### Task inputs

Segment Open

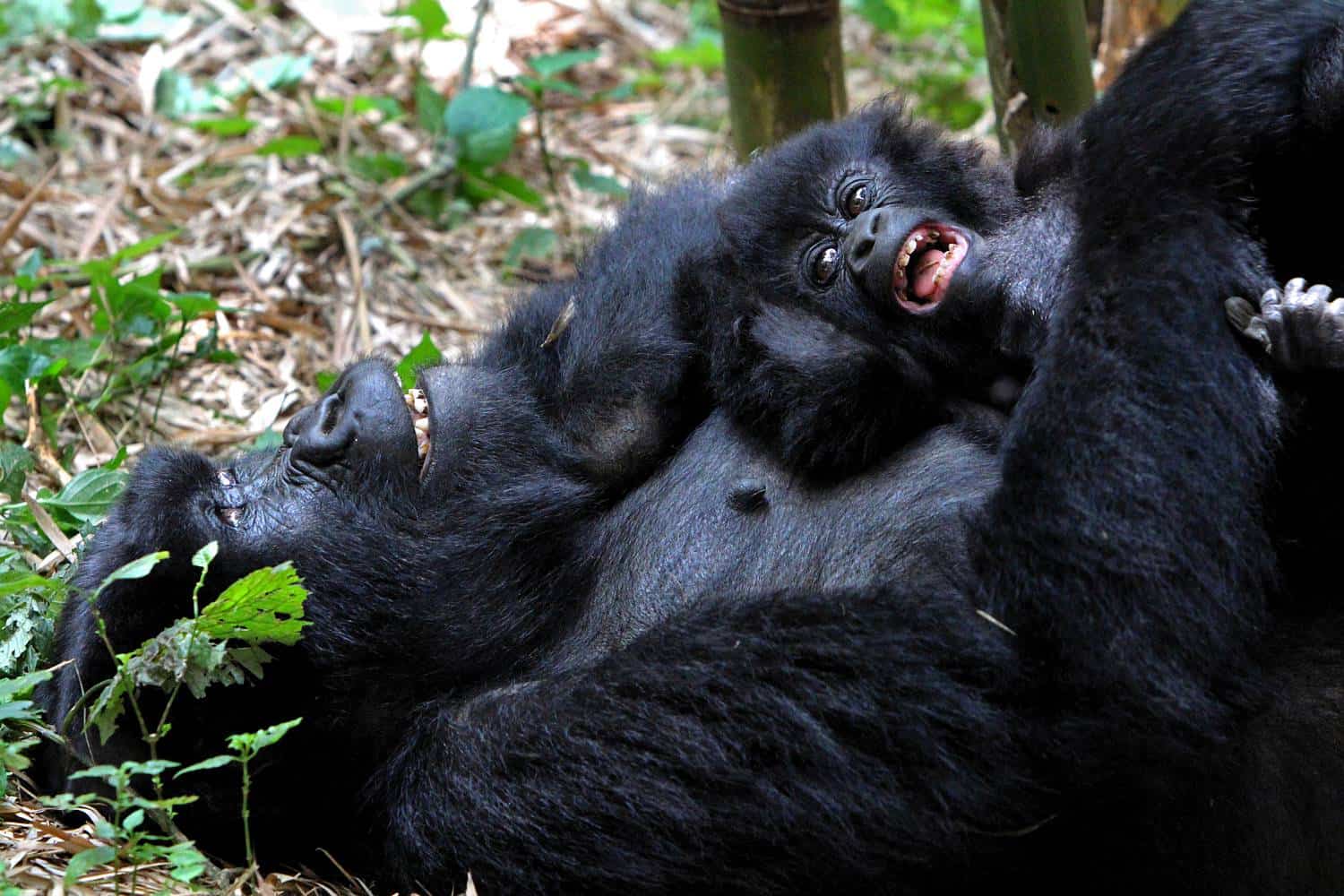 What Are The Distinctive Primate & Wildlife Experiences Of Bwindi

Segment Closed
Segment Open

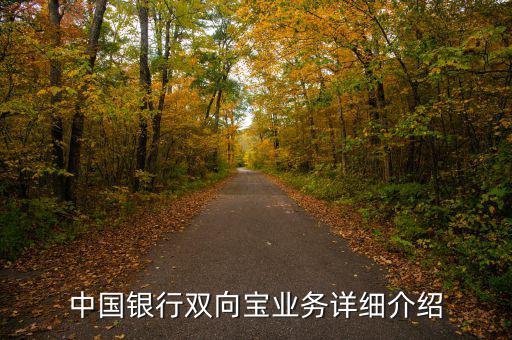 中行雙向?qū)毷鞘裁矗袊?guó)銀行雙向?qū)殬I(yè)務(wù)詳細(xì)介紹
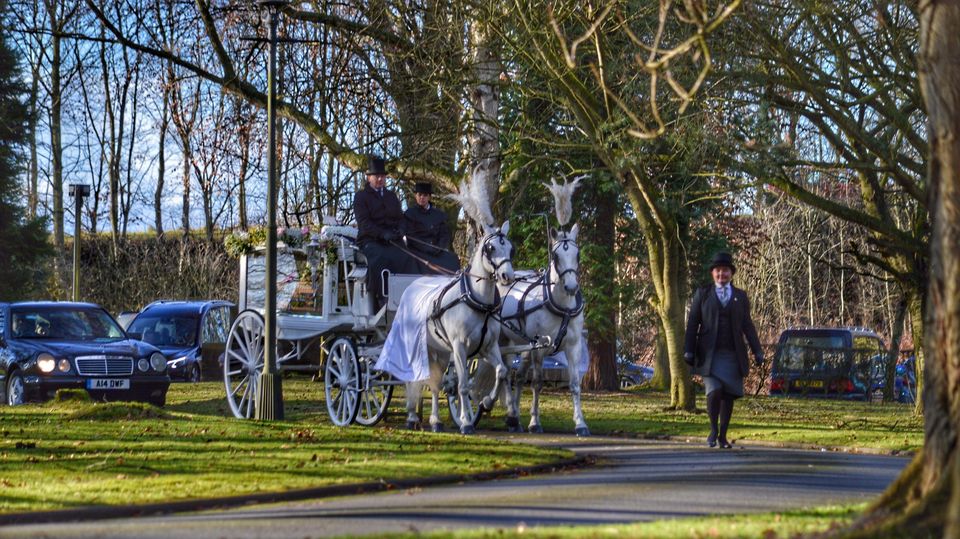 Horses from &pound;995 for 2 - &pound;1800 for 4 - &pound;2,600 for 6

Segment Closed
Segment Open

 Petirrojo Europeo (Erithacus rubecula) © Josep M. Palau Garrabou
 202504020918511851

Segment Closed

### Instructions to follow
Print exactly, with no pictures, the lines above from the one that holds "中行雙向?qū)毷鞘裁矗袊" through the one that holds "Horses from &pound;995", both of them included.

### Result below
 中行雙向?qū)毷鞘裁矗袊?guó)銀行雙向?qū)殬I(yè)務(wù)詳細(xì)介紹
 Horses from &pound;995 for 2 - &pound;1800 for 4 - &pound;2,600 for 6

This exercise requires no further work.